■ THE TASK
Each line below needs to be returned exactly. Skip any picture.

■ INPUT DATA
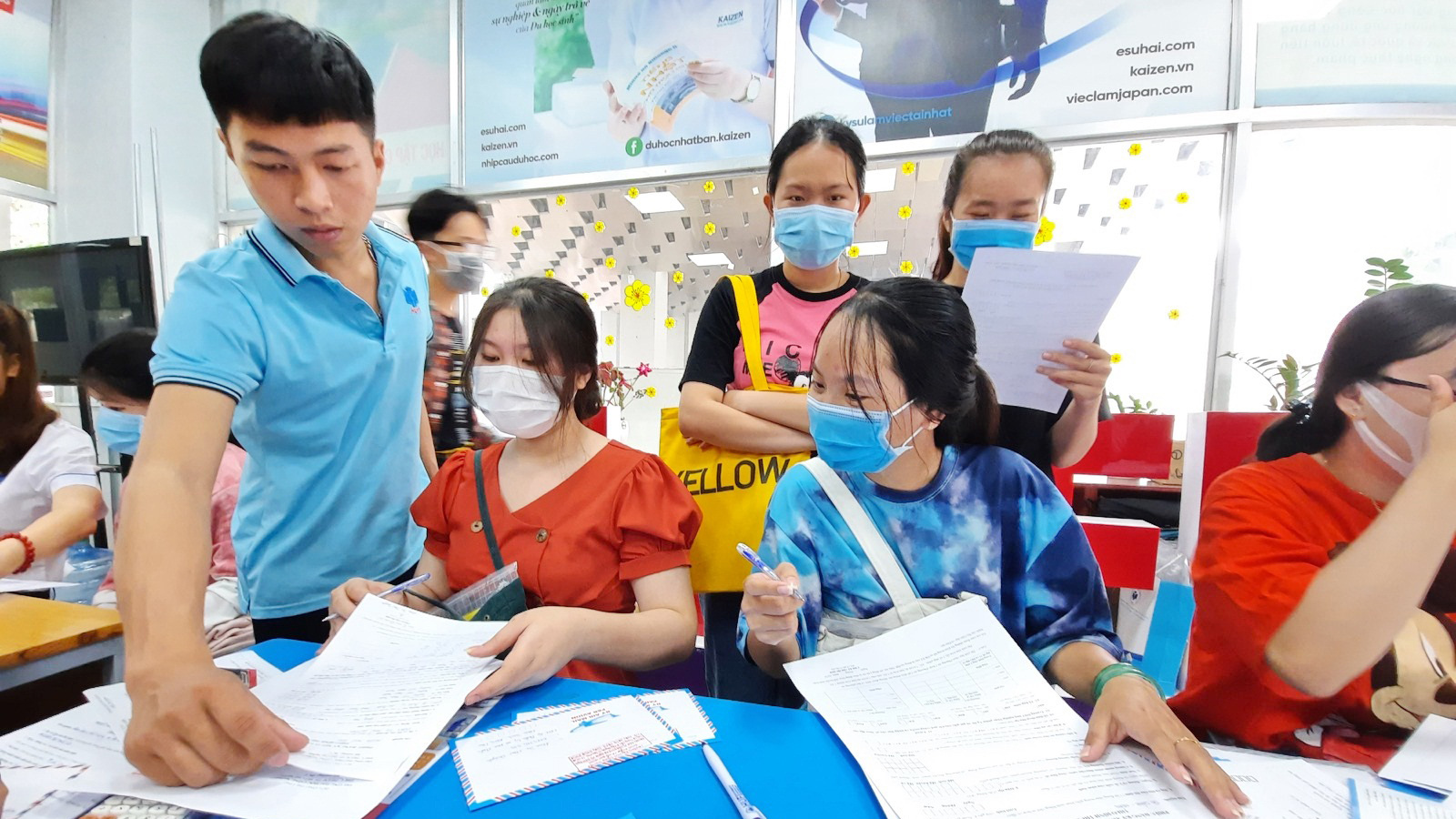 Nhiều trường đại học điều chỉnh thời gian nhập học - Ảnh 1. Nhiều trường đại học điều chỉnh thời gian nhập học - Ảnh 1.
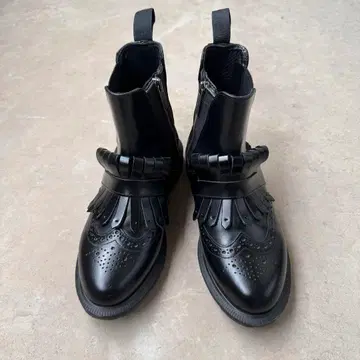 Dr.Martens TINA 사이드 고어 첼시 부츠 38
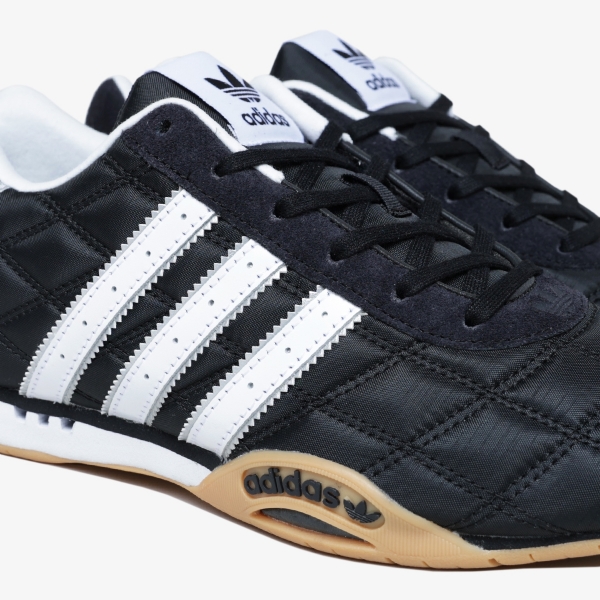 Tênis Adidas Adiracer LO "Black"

■ WRITTEN SOLUTION
 Nhiều trường đại học điều chỉnh thời gian nhập học - Ảnh 1. Nhiều trường đại học điều chỉnh thời gian nhập học - Ảnh 1.
 Dr.Martens TINA 사이드 고어 첼시 부츠 38
 Tênis Adidas Adiracer LO "Black"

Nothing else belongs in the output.